EXERCISE REQUIREMENTS
Where the line with "Immagine 17 di" appears below, start writing out lines exactly, and finish with the line with "Photo - 11 Ontario", which is included; write out nothing else.

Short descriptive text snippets
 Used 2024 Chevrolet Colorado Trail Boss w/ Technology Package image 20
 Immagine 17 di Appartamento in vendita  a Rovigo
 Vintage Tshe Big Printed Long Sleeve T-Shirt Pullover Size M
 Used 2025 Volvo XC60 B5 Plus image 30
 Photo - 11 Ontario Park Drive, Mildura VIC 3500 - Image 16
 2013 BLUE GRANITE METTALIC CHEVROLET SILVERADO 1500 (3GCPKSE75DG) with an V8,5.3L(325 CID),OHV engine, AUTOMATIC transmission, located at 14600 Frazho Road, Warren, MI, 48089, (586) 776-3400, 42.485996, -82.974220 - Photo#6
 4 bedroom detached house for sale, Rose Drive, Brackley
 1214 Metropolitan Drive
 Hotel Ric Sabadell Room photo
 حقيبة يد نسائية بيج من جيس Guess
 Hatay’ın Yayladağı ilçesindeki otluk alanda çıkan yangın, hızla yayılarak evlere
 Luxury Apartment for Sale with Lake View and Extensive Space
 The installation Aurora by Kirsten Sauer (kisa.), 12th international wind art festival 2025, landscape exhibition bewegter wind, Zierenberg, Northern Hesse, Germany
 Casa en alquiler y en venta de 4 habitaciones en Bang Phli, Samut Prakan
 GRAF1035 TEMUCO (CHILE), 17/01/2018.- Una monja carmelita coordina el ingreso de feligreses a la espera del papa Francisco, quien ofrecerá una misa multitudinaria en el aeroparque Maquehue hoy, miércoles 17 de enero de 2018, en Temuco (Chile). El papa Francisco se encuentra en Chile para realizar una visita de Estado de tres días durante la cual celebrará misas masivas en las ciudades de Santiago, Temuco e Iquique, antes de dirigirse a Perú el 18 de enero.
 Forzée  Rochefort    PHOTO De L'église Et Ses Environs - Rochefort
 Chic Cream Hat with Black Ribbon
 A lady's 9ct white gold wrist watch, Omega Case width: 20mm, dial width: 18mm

ANSWER SECTION
 Immagine 17 di Appartamento in vendita  a Rovigo
 Vintage Tshe Big Printed Long Sleeve T-Shirt Pullover Size M
 Used 2025 Volvo XC60 B5 Plus image 30
 Photo - 11 Ontario Park Drive, Mildura VIC 3500 - Image 16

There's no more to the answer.